▶ The task: The answer is to be the data that follows, transcribed exactly, minus its pictures.

▶ Stored data:
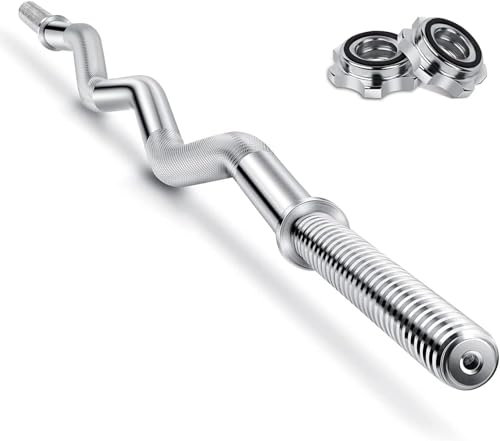 ATEK EZ Curl Bar, 4ft Standard Steel Curling Chrome Barbell Bar with Spinlock Collars Anti Slip Hand Grips, Dumbbell Bar for Weight Lifting Body Building, Muscle Build Workouts
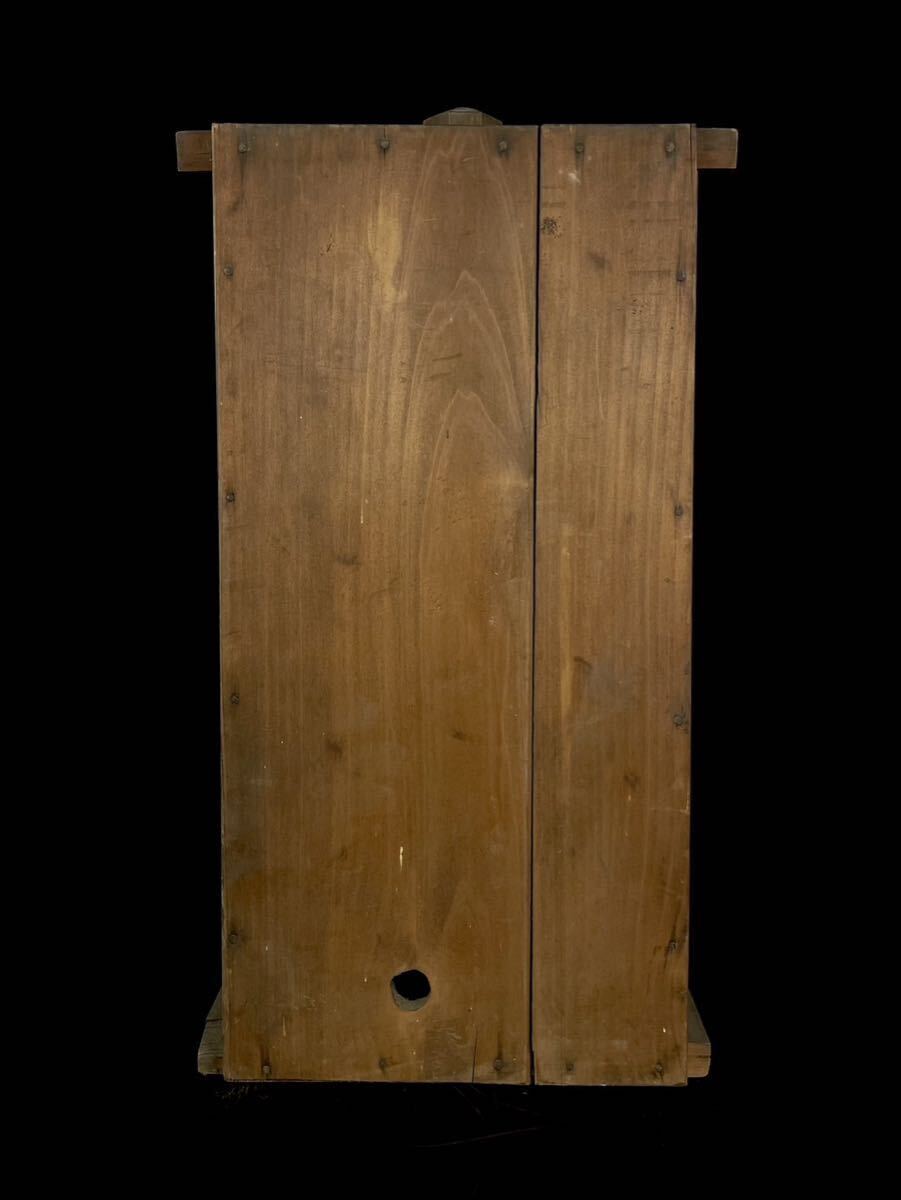 Zao Gongen (Probable) Mini Zushi Shrine Cabinet — Fierce Shugendo Mountain Guardian Icon, Edo‑period Style Votive Figure, 42cm Cabinet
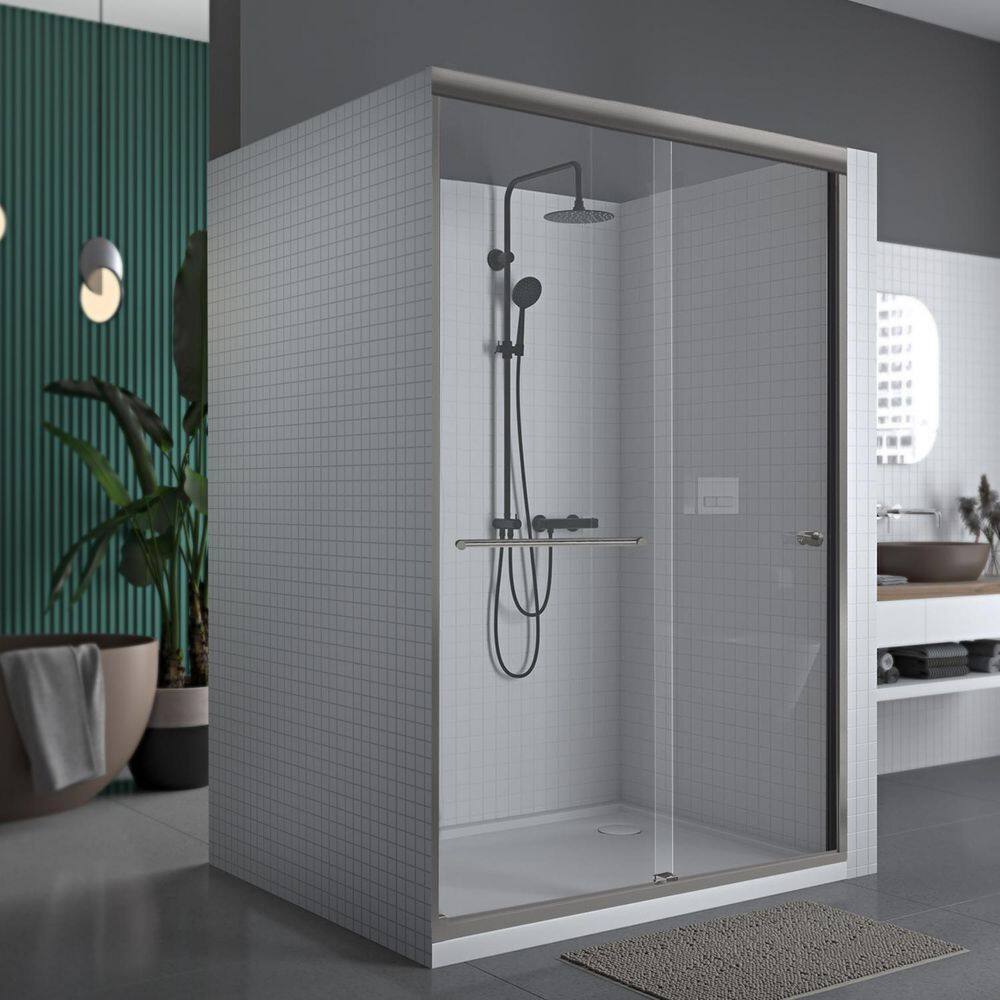 Sorrento Lux 60" x 62" Semi-Frameless Nickel Sliding Shower Door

▶ Finished exercise:
 ATEK EZ Curl Bar, 4ft Standard Steel Curling Chrome Barbell Bar with Spinlock Collars Anti Slip Hand Grips, Dumbbell Bar for Weight Lifting Body Building, Muscle Build Workouts
 Zao Gongen (Probable) Mini Zushi Shrine Cabinet — Fierce Shugendo Mountain Guardian Icon, Edo‑period Style Votive Figure, 42cm Cabinet
 Sorrento Lux 60" x 62" Semi-Frameless Nickel Sliding Shower Door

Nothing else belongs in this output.